Unfortunately, the personal relationship between the father and son deteriorated and eventually, the father filed a complaint for judicial dissolution of the LLC given that it had become not reasonably practicable for the company to continue its business. The son agreed in a counterclaim he filed. Notably, the father filed a separate lawsuit to dissolve the son’s business and distribute the father’s putative interest on a theory of implied partnership. That lawsuit (which is the subject of a separate appellate opinion that, among other things, reversed summary judgment in the son’s favor on the implied partnership claim) revealed further intertwinement among family members and the various business entities, including evidence of personal guarantees by both parents of loans for the son’s business, real property owned by the father and mother used as collateral for loans taken out by the son’s business, and evidence presented that the father did not have a personal bank account, with all living expenses paid directly from the excavating company.

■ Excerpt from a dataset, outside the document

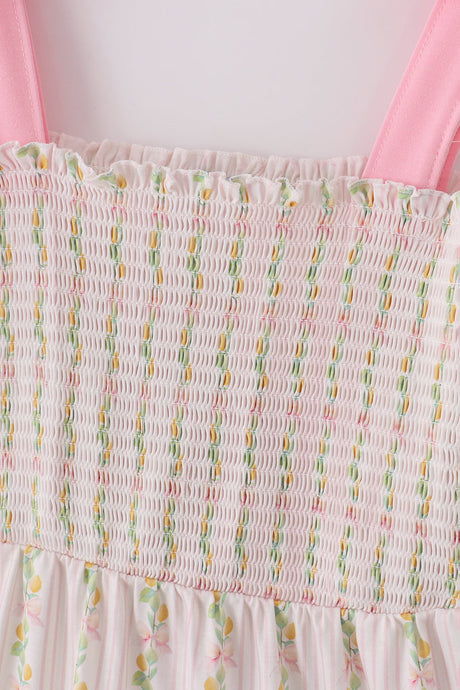 Sweet Blossom Bow Strap Dress | Women’s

Although the parties agreed on the excavation business’ dissolution, contention surrounded other issues involved. While the appellate court addressed other issues including the relevancy of the father’s lawsuit seeking dissolution of the son’s business and attorney-client privilege questions, substantively, the primary issues pertained to ownership of hundreds of items of personal property, and the values of the respective capital accounts of the father and son in the excavation company.

The trial court appointed a receiver to sort out ownership of the personal property items. The task was complicated and impeded by the lack of business records and other documentation evidencing ownership. Instead, the receiver considered “cancelled checks, car competition entry forms, open titles, photographs and an appraisal form” as well as “vehicle information, frame and engine block numbers . . . [and] what prizes from car competitions showed about ownership.” Resolution of the respective value of the capital accounts was likewise challenging. The appellate court affirmed the trial court’s denial of the defendants’ request to conduct an accounting because the defendants had access to relevant records. (Before the trial was held, the father passed away. Representatives of his estate and trustees of a trust to which the father had bequeathed all his property had been substituted as defendants.) At the bench trial, the trial court seemed to exclusively rely on the company’s tax returns for determining the capital account values, noting they were the “best evidence.” Notably, the appellate court also stated that, despite the equal ownership between the members memorialized in the operating agreement, “there must be evidence to support what an operating agreement states about members’ capital contributions.” Contrary to the terms of the operating agreement, the evidence indicated that the father and son did not contribute equal amounts to the company.

This case provides a practical illustration of the need for the proper recognition of separateness between owners and their businesses, which includes adequate record-keeping for each legal entity. In many instances, common ownership and management of related companies, particularly when those owners and managers are from the same family, can lure businesses into a sense of complacency on a day-to-day or even year-to-year basis when it comes to observing formalities and record-keeping. As this case demonstrates, years or even decades of such practices can make an orderly dissolution and winding up complex, contentious and nearly impossible, not to mention the heightened personal and emotional aspects when family members are involved. The sale of such a business does not completely alleviate the problem, as valuation of the entity and the individual ownership interests still must be determined as part of such a transaction. Cases such as this are unfortunate but insightful retrospective lessons for small businesses and their owners—along with accountants and counsel for those owners and businesses—of the importance of keeping the personal financial matters of individual owners separate from the business matters of legal entities they own.